SAYFA YAZISI M.S.Aslankara; NAKLİ HİKÂYE, AKLİ HİKÂYE…; ,

NAKLİ HİKÂYE, AKLİ HİKÂYE…

M.Sadık Aslankara
(4.8.2022 YAZISIDIR.)

Dilimizde üretilen, yalnız dilimizde mi, dünyanın bütün dillerinde bugüne dek üretilmiş ne denli anlatı varsa bunları “nakli” ve “akli” olmak üzere ikiye ayırıp ele almak olanaklı geliyor bana.

“Nakli” başlığı altında niteleyebileceğimiz ilk bölüm anlatılar, doğrudan tanıklığa veya dolaylı yolla aktarıma dayanan gözlem, böyle değilse bile olgusal yaklaşıma dayalı uslamlama yoluyla üretilmiş “hikâye”lerden oluşan birer söz dizisi, sözel anlatım, hareket, dans, doğaçlama tapınım vb. ya da bunlardan yola çıkılarak farklı biçimde yazıya geçirilmiş metin bağlamında alınabilir.

Şamandan bu yana süregelen bütün anlatılar, bu temelde birer nakli “hikâye ediş” sayılabilir. Gerek “geleneksel hikâye”nin gerekse “modern hikâye”nin kökeni bu “nakl”den geliyor. “Nakl”, “nakil ile ilgili,” “nekledilen” anlamında. “Tahkiye” adı altında imlenen biçim yani “hikâye etme” de buna dayanıyor, hatta giderek dünyanın en eski zanaatlarından biri olarak yaşamımızda önemli rol oynuyor.

Nitekim insanoğlunun ateşi, tekerleği, yazıyı bulması, ötesinde insan zihninin soyutlayıma, düşten dönüştürüme hazırlanması, bunlara dayalı akıl yürütme eylemine geçebilmesi açısından söz konusu “nakl”in uygarlıkta köşe taşı değeri taşıması kuşku yok ki önemli bir adım. Çünkü insanoğlu, baştan bu yana uydurup naklettiği bu hikâyelerle yol aldı hep.

Mustafa Nihat Özön, Osmanlıca Türkçe Sözlük’te “nakl” sözcüğünün karşılığında, “hikâye söyleme, ağızdan ağza veya kitaplarla gelip bilinen ve akıl ile bulunmayabilecek şey” açılımlarını sıralayıp “naklbend” için de “masal toplayan, masal bağlayan, uyduran” karşılığını veriyor.
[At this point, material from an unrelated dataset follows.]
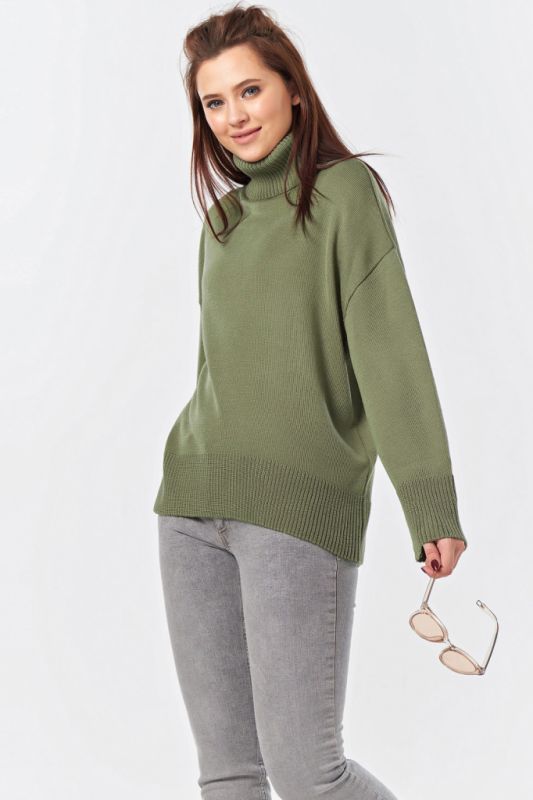 Wool knitted over-size sweater in green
Günümüzde Türklerin “masal anası”, “masal atası” Kürtlerin “dengbej” sözcükleri tam da buna karşılık geliyor.

Bir başka deyişle insanoğlu gözünü başkalarının uydurduğu yalanlarla açtı ve kendisi de sürekli naklederek neredeyse bunları sakız haline getirerek bu yalan savurganlığını sürdürdü. İşte insan hiç düşünmeden yuvarlayıverdiği, ne var ki kendisinin de sonuna kadar inandığı, söz konusu nakli anlatılar yani bu yalanlar aracılığıyla gelişip bugünlere damga vurdu, öte yandan bunları dünyayı değiştirmenin de aracı yaptı aynı zamanda.

Ancak asla unutulmamalı, bu nakli hikâyelerin tümü, birer zanaat ürünü. Bunun ardından hemen şunu da eklemek gerek; aslında bu nakli anlatılar, birbirinden kopyalanmış, birbiri içinden çıkmış, yaratı anlamında aktartılarak sürse de bu haliyle bile birer akıl etkinliği, zihinsel eylem elbette.

Zanaat da aklın işi değil mi?

Öyleyse aklın, örneksiz, bağımsız bir yaratıcılığa geçmeden “Nakli Hikâye”de yapabilecekleri bunlarla sınırlı kalacaktır kaçınılmaz biçimde, bundan kuşku duyulabilir mi? Geleneksel hikâye ediş ardından ortaya çıkıp gelişen modern hikâye de bu gelişimin bir evresi değil mi zaten? Yine de bunların uç uca eklenivermiş aşamalar olduğu sanılmamalı.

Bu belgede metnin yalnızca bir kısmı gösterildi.